Exercise objective
Using the data below, output a verbatim copy of the lines between the one holding "High Quality Kid" and the one holding "Embroidered Sequin Sweetheart", inclusive, without any pictures.

BEGIN

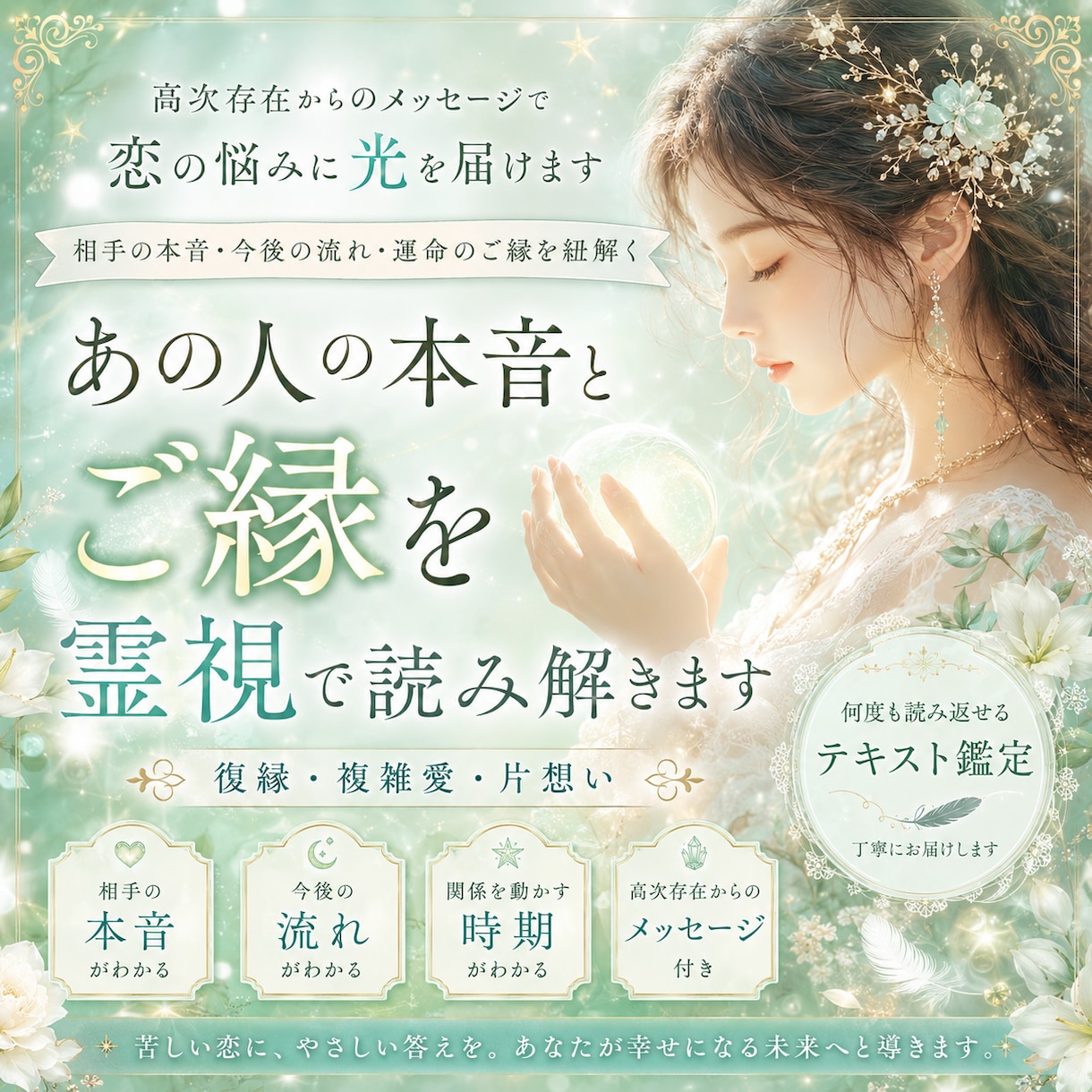 あの人の本音とご縁を霊視で読み解き恋の光で導きます 復縁・複雑愛・片想い！高次存在から恋の進む道をお伝えします イメージ1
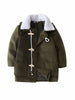 High Quality Kid Boy Fleece Collar Pocket Front Coat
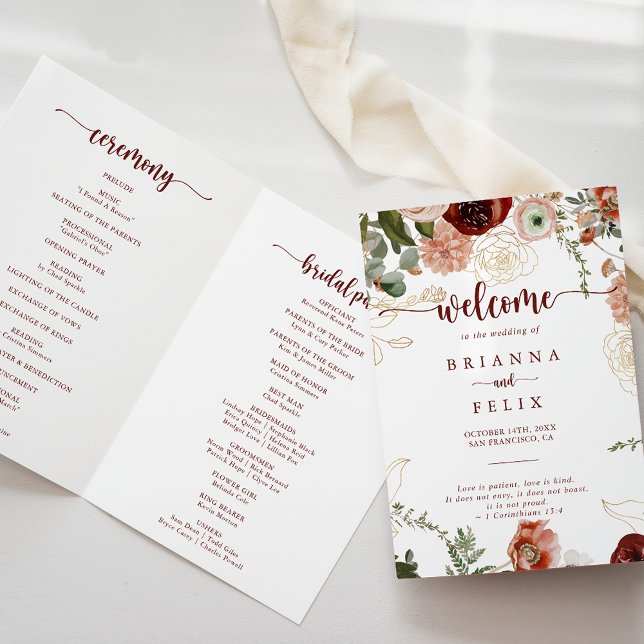Gold Rustic Colorful Floral Folded Wedding  Program (Creator Uploaded)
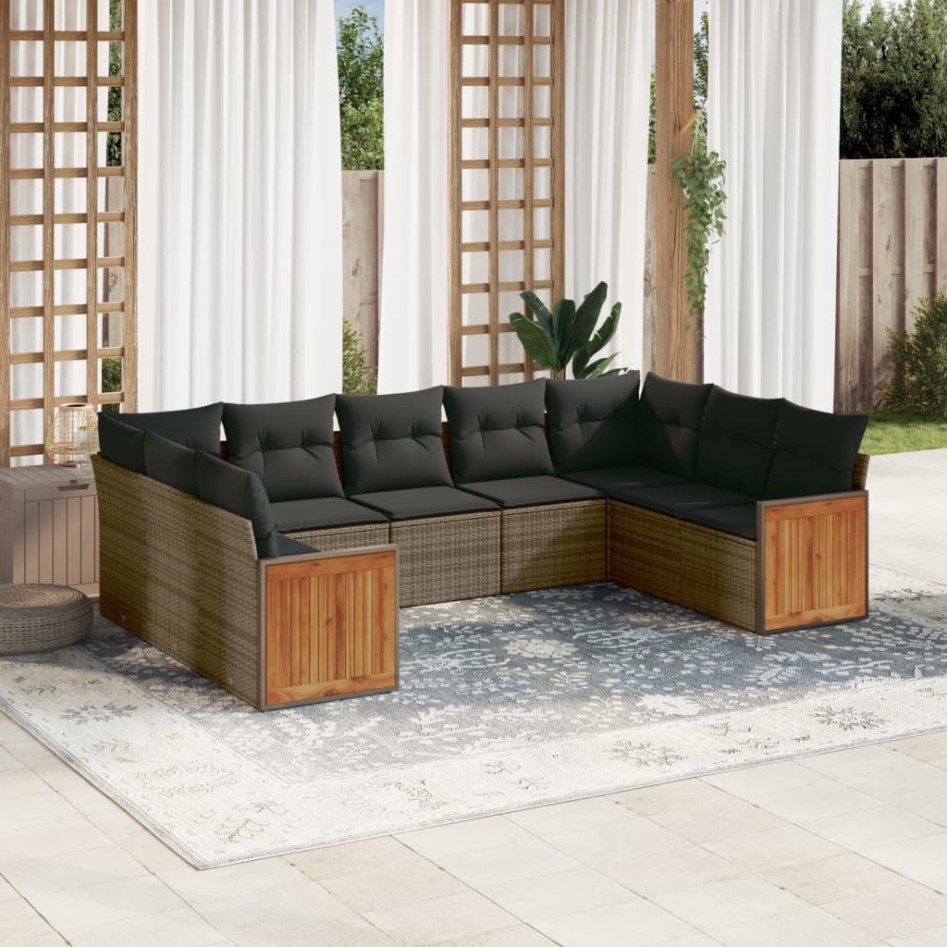 Set de muebles de jardín 9 pzas y cojines ratán sintético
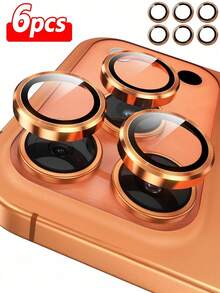 ZYONS 6pcs/Set Starry Orange Metal Ring Camera Lens Protector, Perfect Fit, Rear Camera Circular Lens Protector, Compatible With IPhone 18 Pro/18 Duo/17 Pro Max/17 Air/16 Pro Max/16 Pro/16 Plus/16/16E/15/14/13 Mini/12/11 - 6pcs - View 31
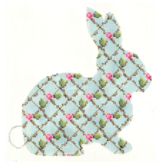 Canvases AQUA HARE WITH ROSE TRELLIS PATTERN    KEA85   5.5X5.75"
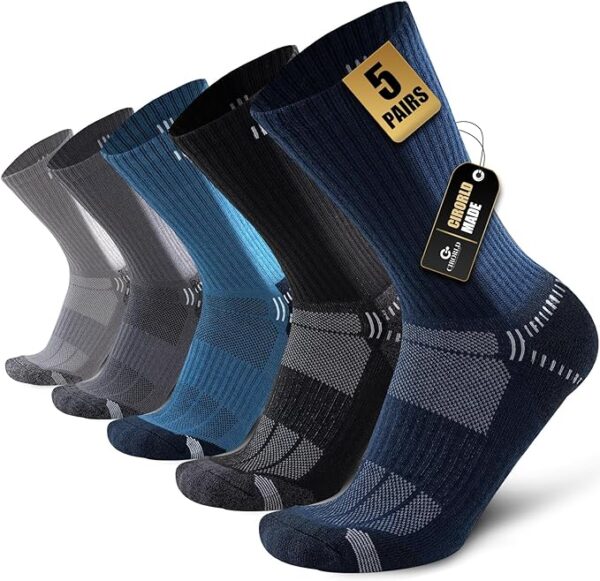 Mens Socks Wicking Breathable Cushion Crew Socks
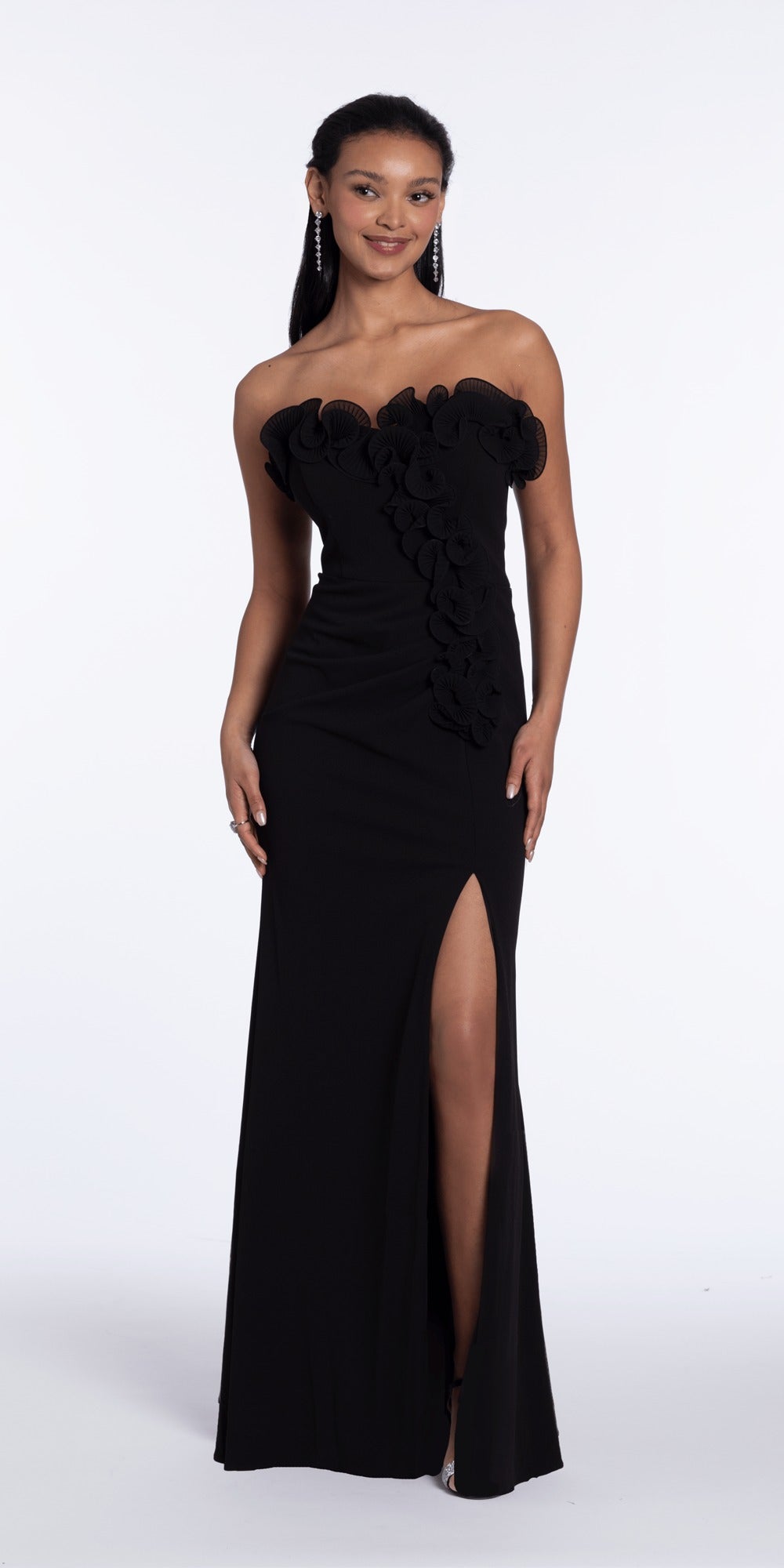 Embroidered Sequin Sweetheart Corset Column Dress with Side Slit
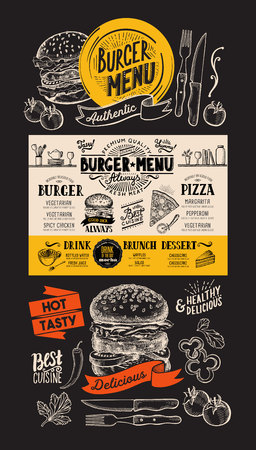 Burger restaurant menu. Food flyer for fastfood bar and cafe. Design template with vintage hand-drawn illustrations.のイラスト素材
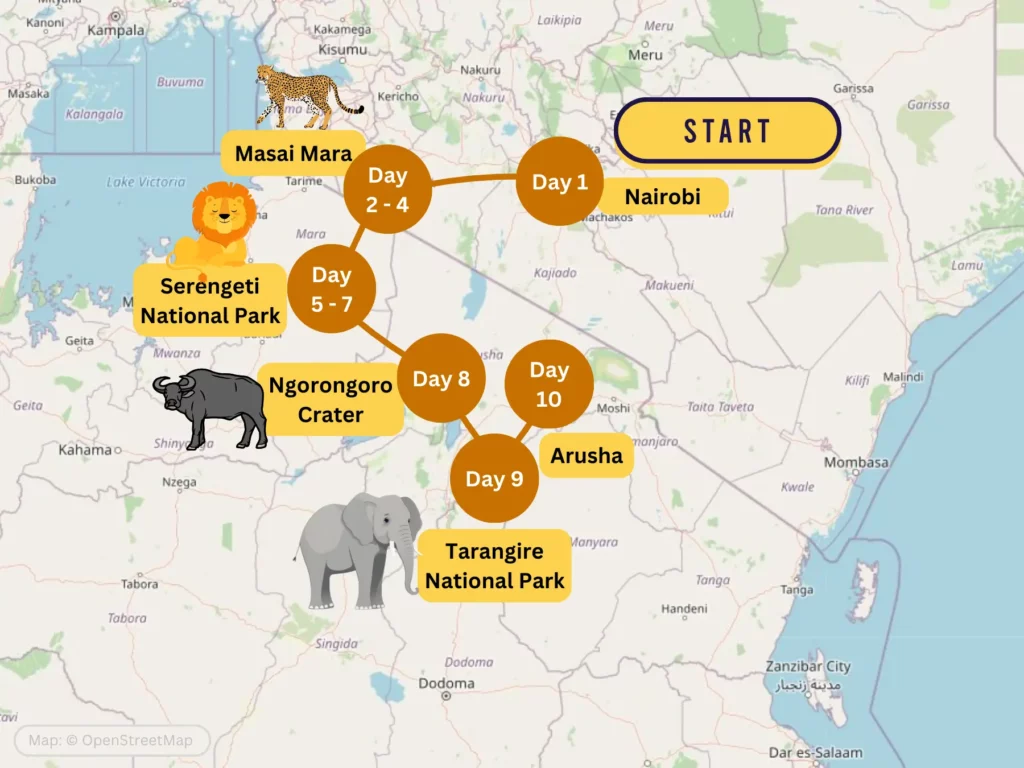 10-Day Kenya & Tanzania safari itinerary map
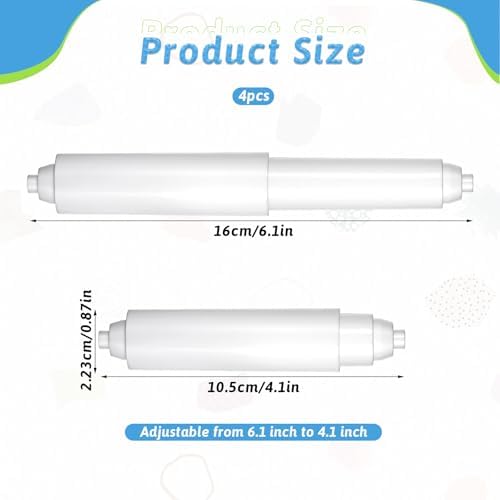 Simarro 4-Piece Toilet Paper Roller Replacement Rods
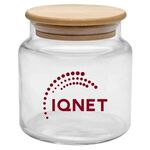 Buy Custom Printed Apothecary Jar with Bamboo Lid 16oz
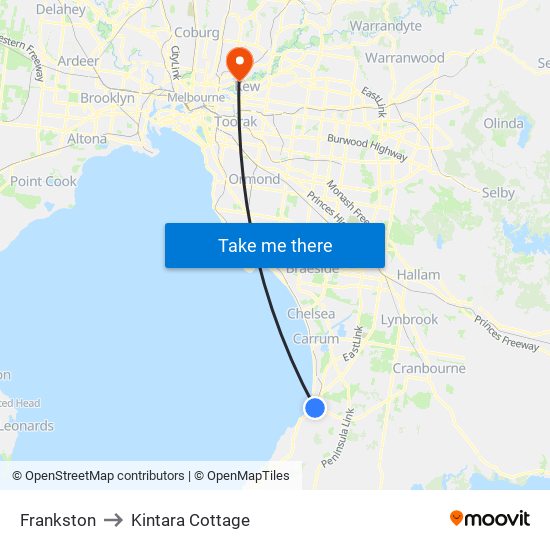 Frankston to Kintara Cottage map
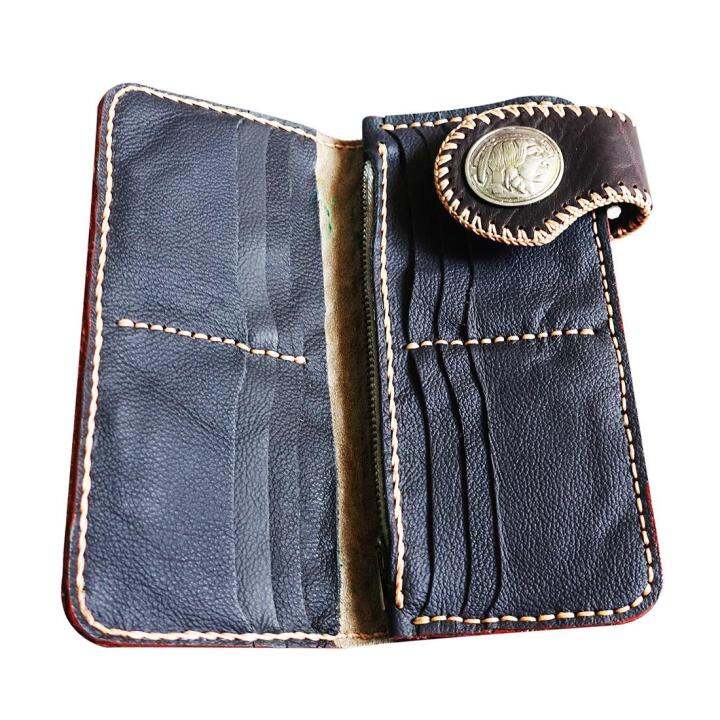 you-link-หนังวัวแท้-ลายสาน-ดูเป็นของย้อนยุค-สวยมาก-เทห์มาก-beautiful-vintage-long-bifold-wallet-celtic-in-brown-and-black-สีน้ำตาลดำ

END

Response to the task
 High Quality Kid Boy Fleece Collar Pocket Front Coat
Gold Rustic Colorful Floral Folded Wedding  Program (Creator Uploaded)
 Set de muebles de jardín 9 pzas y cojines ratán sintético
 ZYONS 6pcs/Set Starry Orange Metal Ring Camera Lens Protector, Perfect Fit, Rear Camera Circular Lens Protector, Compatible With IPhone 18 Pro/18 Duo/17 Pro Max/17 Air/16 Pro Max/16 Pro/16 Plus/16/16E/15/14/13 Mini/12/11 - 6pcs - View 31
 Canvases AQUA HARE WITH ROSE TRELLIS PATTERN    KEA85   5.5X5.75"
 Mens Socks Wicking Breathable Cushion Crew Socks
 Embroidered Sequin Sweetheart Corset Column Dress with Side Slit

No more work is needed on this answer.